We can use different geom_*() to plot the same data.

10 / 69

Geometric Objects

To change the geom in your plot, change the geom function that you add to ggplot().

ggplot(data = mpg) + 
  geom_point(mapping = 
               aes(x = displ, 
                   y = hwy))

ggplot(data = mpg) + 
  geom_smooth(mapping = 
                aes(x = displ, 
                    y = hwy))

11 / 69

Geometric Objects

`geom_*()` Functions and Aesthetic mappings

Every geom_*() function takes specific mapping arguments.
- Not every aesthetic property works with every geom_*() function.
- For example, you can set the shape of a geom_point(), but you cannot set the shape of a geom_smooth();
- You could set the linetype of a geom_smooth().

ggplot( data = mpg ) + 
  geom_smooth( mapping = aes( x = displ, y = hwy),
               linetype = 3)

12 / 69

Geometric Objects

`geom_*()` functions and `group` aesthetic

You can set the group aesthetic to a categorical variable to draw multiple objects.
ggplot2 will draw a separate object for each unique value of the grouping variable.

ggplot(data = mpg) +
  geom_smooth(mapping = aes(x = displ, y = hwy))
ggplot(data = mpg) +
  geom_smooth(mapping = aes(x = displ, y = hwy, 
                            group = drv))

13 / 69

Geometric Objects

`geom_*()` functions and `group` aesthetic

In practice, ggplot2 will automatically group the data for these geoms whenever you map an aesthetic to a discrete variable (as in the linetype example).

ggplot(data = mpg) +
  geom_smooth(
    mapping = aes(x = displ, y = hwy, 
                  color = drv),
    show.legend = FALSE
  )

14 / 69

Geometric Objects

Multiple `geom_*()` functions

To display multiple geometric objects in the same plot, add multiple geom_*() functions to ggplot():

ggplot(data = mpg) + 
  geom_point(mapping = aes(x = displ, y = hwy)) +
  geom_smooth(mapping = aes(x = displ, y = hwy))

15 / 69

Geometric Objects

Multiple `geom_*()` functions

If you place mappings in a geom_*() function, ggplot2 will treat them as local mappings for the layer.

ggplot(data = mpg, 
       mapping = aes(x = displ, y = hwy)) + 
  geom_point(mapping = aes(color = class)) + 
  geom_smooth()

16 / 69

Geometric Objects

Multiple `geom_*()` functions

You can use the same idea to specify different data for each layer.
Here, our smooth line displays just a subset of the mpg dataset, the subcompact cars.
The local data argument in geom_smooth() overrides the global data argument in ggplot() for that layer only.

ggplot(data = mpg, 
       mapping = aes(x = displ, y = hwy)) + 
  geom_point(mapping = aes(color = class)) + 
  geom_smooth(data = filter(mpg, class == "subcompact"), 
              se = FALSE)

17 / 69

Statistical Transformation
18 / 69

Statistical Transformations

Bar charts seem simple, but they are interesting because they reveal something subtle about plots.
Consider a basic bar chart, as drawn with geom_bar().
The following bar chart displays the total number of diamonds in the ggplot2::diamonds dataset, grouped by cut.

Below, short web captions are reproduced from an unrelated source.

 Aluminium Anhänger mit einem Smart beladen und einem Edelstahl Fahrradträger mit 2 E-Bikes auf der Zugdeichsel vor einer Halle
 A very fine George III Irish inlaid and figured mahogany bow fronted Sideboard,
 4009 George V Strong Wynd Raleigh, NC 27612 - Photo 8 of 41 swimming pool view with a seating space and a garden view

ggplot(data = diamonds) + 
  geom_bar(mapping = aes(x = cut))

The diamonds dataset comes in ggplot2 and contains information about ~54,000 diamonds, including the price, carat, color, clarity, and cut of each diamond.

19 / 69

Statistical Transformations

Many graphs, including bar charts, calculate new values to plot:
- geom_bar(), geom_histogram(), and geom_freqpoly() bin your data and then plot bin counts, the number of observations that fall in each bin.
- geom_smooth() fits a model to your data and then plot predictions from the model.
- geom_boxplot() compute a summary of the distribution and then display a specially formatted box.

20 / 69

Statistical Transformations

The algorithm used to calculate new values for a graph is called a stat, short for statistical transformation.
The figure below describes how this process works with geom_bar().

21 / 69

Statistical Transformations

Observed Value vs. Number of Observations

There are three reasons you might need to use a stat explicitly:
- 1. You might want to override the default stat.

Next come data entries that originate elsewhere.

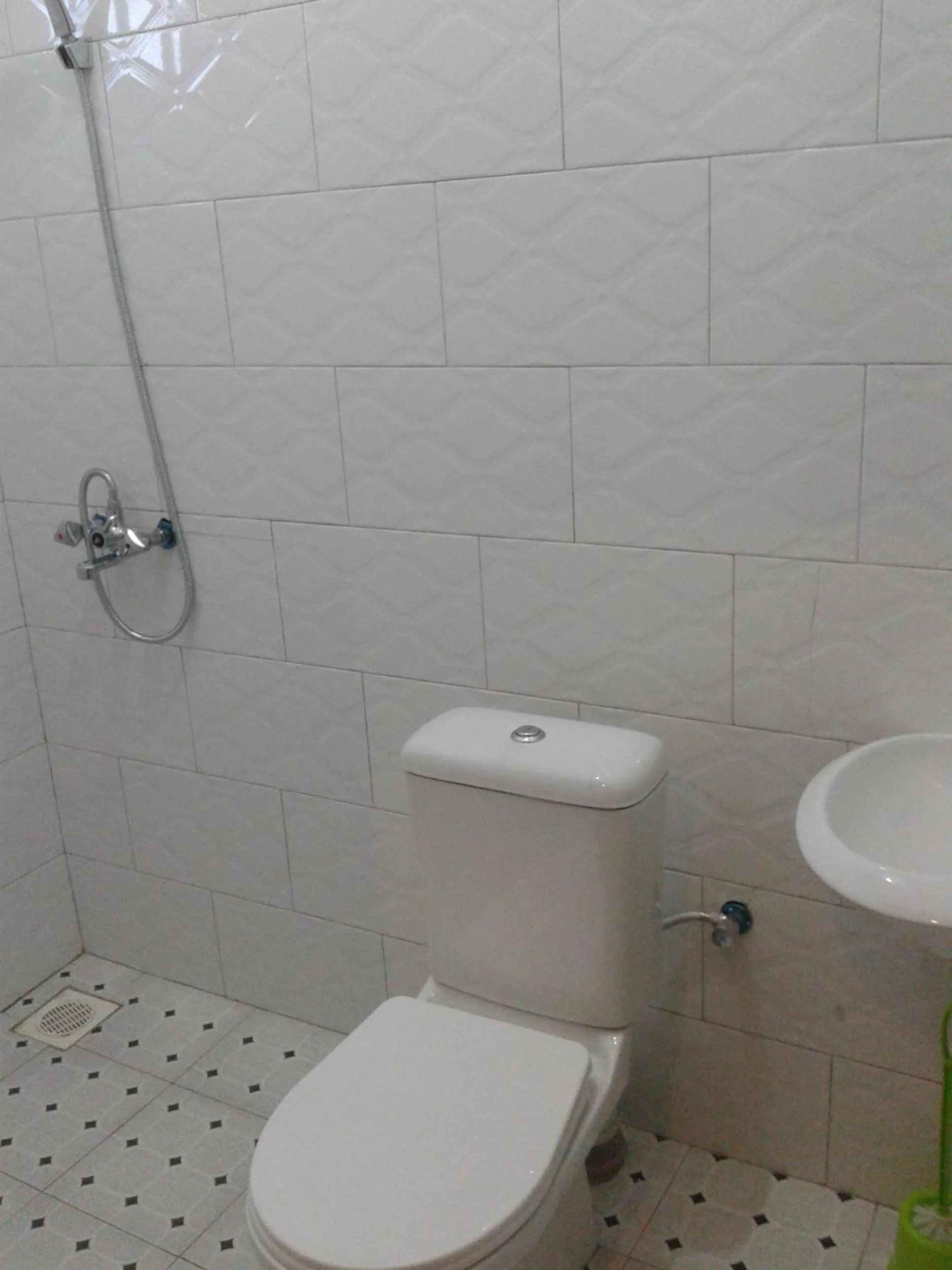 Toilet in FREEDOM Guest House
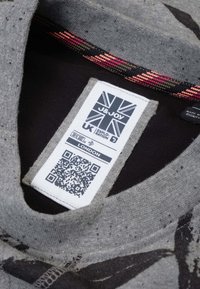 Grijze sweatshijfstof met een zwarte binnenlaag, voorzien van een patroonnek met kleurrijke accenten en een label met merk en QR-code.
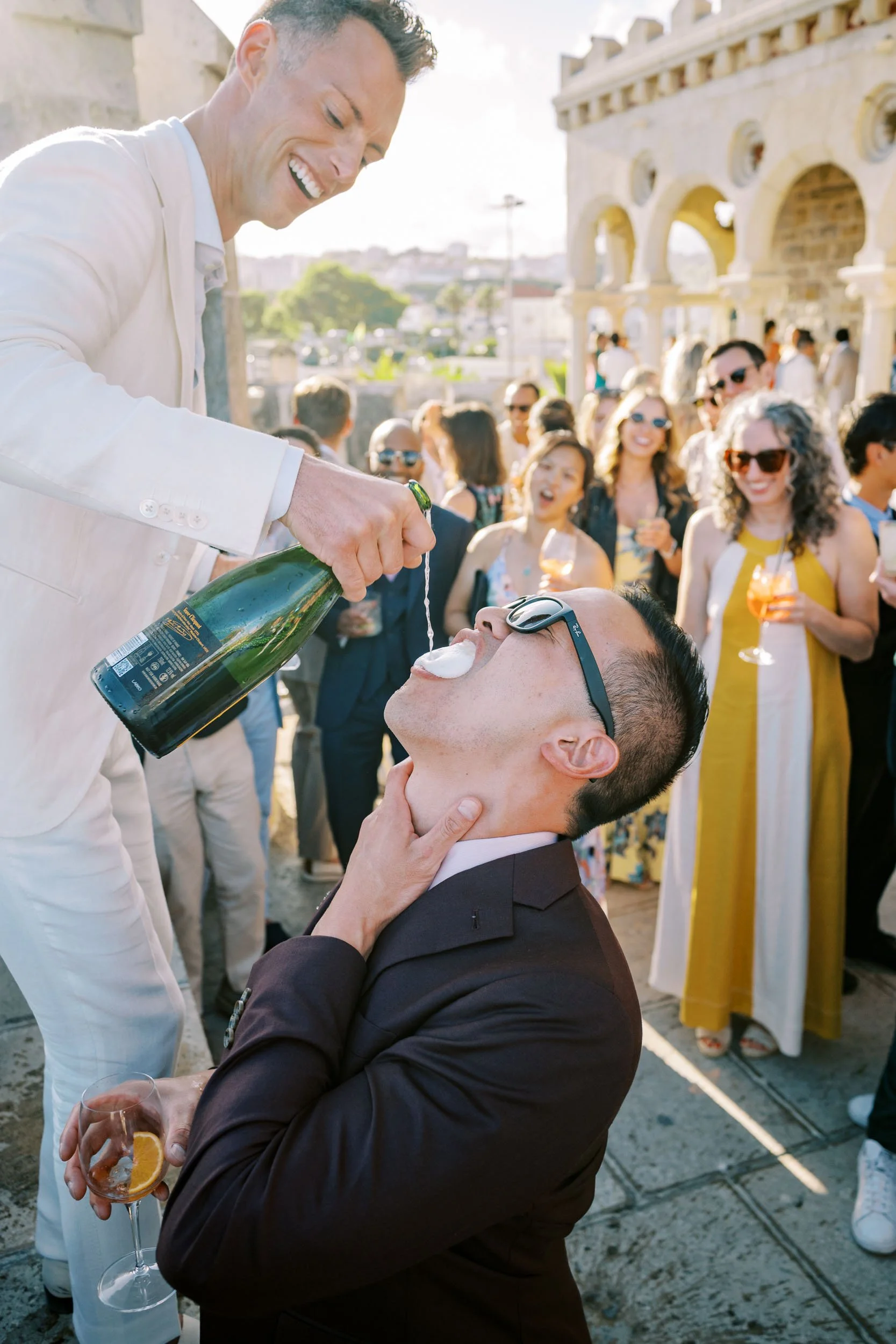 A groom in white suit pours champagne into a guest's mouth during a lively outdoor celebration with a crowd of smiling people.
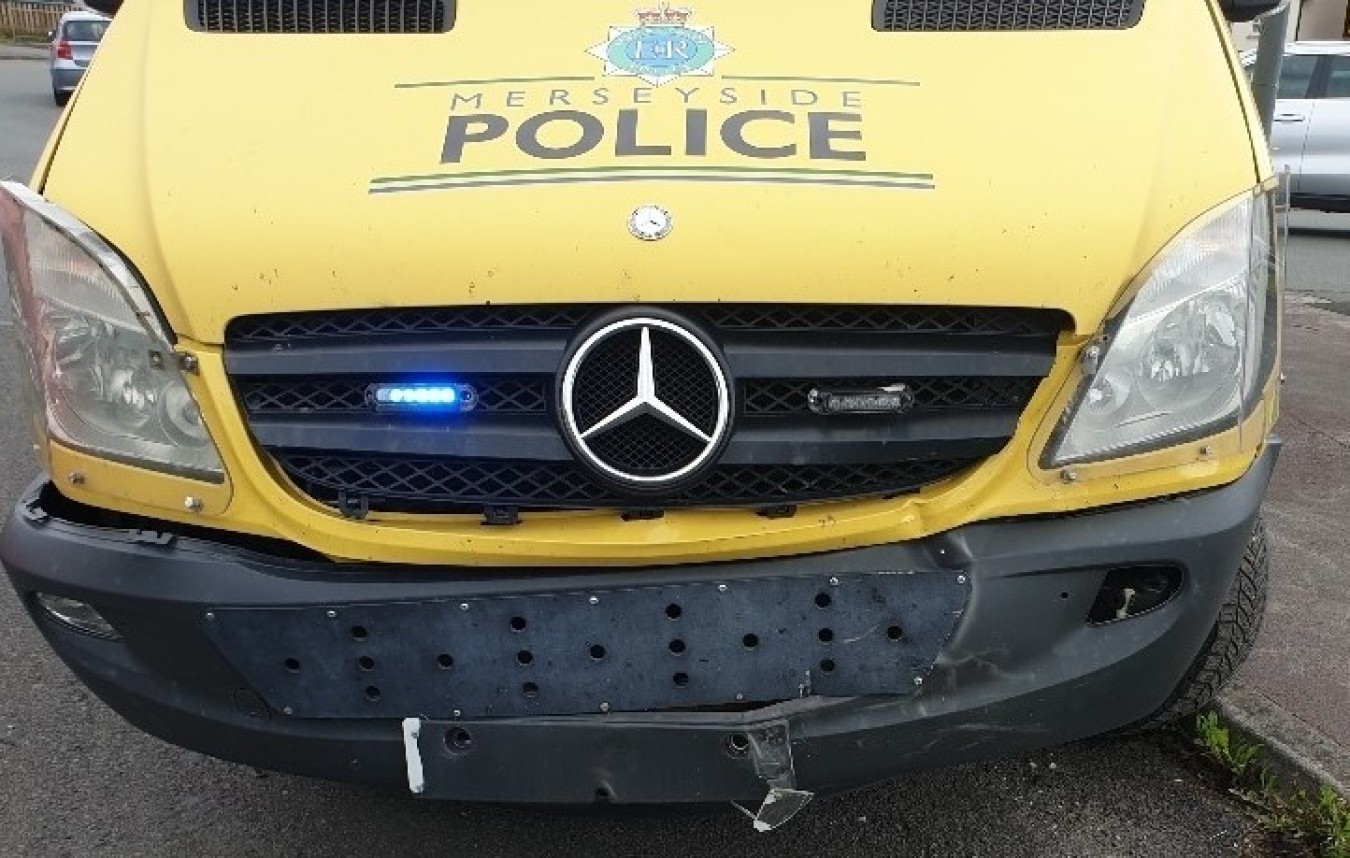 police damage van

demo <- tribble(         # for a simple data.frame
  ~cut,         ~freq,
  "Fair",       1610,
  "Good",       4906,
  "Very Good",  12082,
  "Premium",    13791,
  "Ideal",      21551 )
ggplot(data = demo) +
  geom_bar(mapping = aes(x = cut, y = freq), 
           stat = "identity")

22 / 69

Statistical Transformations

Count vs. Proportion

There are three reasons you might need to use a stat explicitly:
- 2. You might want to override the default mapping from transformed variables to aesthetics.

ggplot(data = diamonds) + 
  geom_bar(mapping = aes(x = cut, 
                         y = stat(prop), 
                         group = 1))

23 / 69

Statistical Transformations

Stat summary

There are three reasons you might need to use a stat explicitly:
- 3. You might want to draw greater attention to the statistical transformation in your code.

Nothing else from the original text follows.